[Start of Attachment]

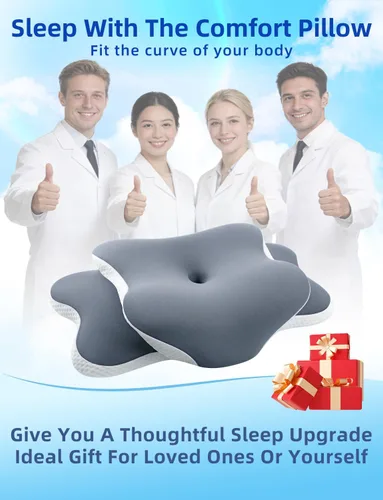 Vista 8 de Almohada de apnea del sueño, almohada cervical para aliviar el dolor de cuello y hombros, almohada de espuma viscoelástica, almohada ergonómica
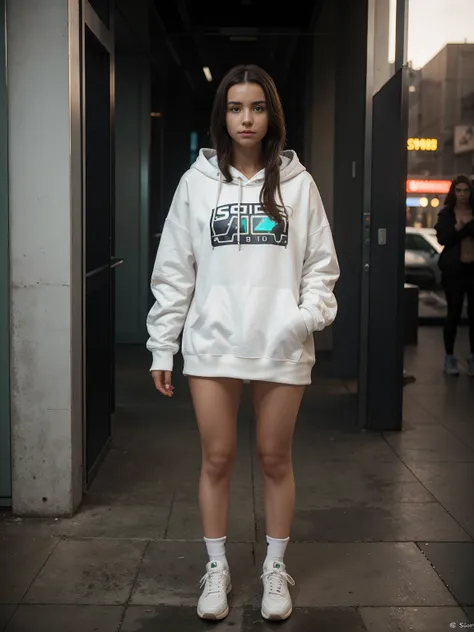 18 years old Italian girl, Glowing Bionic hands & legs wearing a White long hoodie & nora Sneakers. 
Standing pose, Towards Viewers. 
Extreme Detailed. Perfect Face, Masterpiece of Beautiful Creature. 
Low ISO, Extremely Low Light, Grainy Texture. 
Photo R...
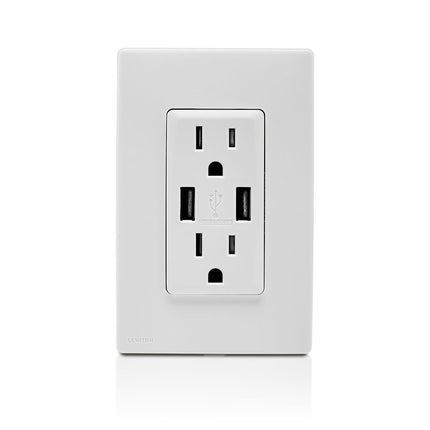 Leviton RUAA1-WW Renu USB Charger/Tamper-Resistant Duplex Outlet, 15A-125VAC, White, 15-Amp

[End of Attachment]

Task to carry out:
The aim is an exact repeat of the entire listing, stripped of pictures.

Reply to the task:
 Vista 8 de Almohada de apnea del sueño, almohada cervical para aliviar el dolor de cuello y hombros, almohada de espuma viscoelástica, almohada ergonómica
 18 years old Italian girl, Glowing Bionic hands & legs wearing a White long hoodie & nora Sneakers. 
Standing pose, Towards Viewers. 
Extreme Detailed. Perfect Face, Masterpiece of Beautiful Creature. 
Low ISO, Extremely Low Light, Grainy Texture. 
Photo R...
 Leviton RUAA1-WW Renu USB Charger/Tamper-Resistant Duplex Outlet, 15A-125VAC, White, 15-Amp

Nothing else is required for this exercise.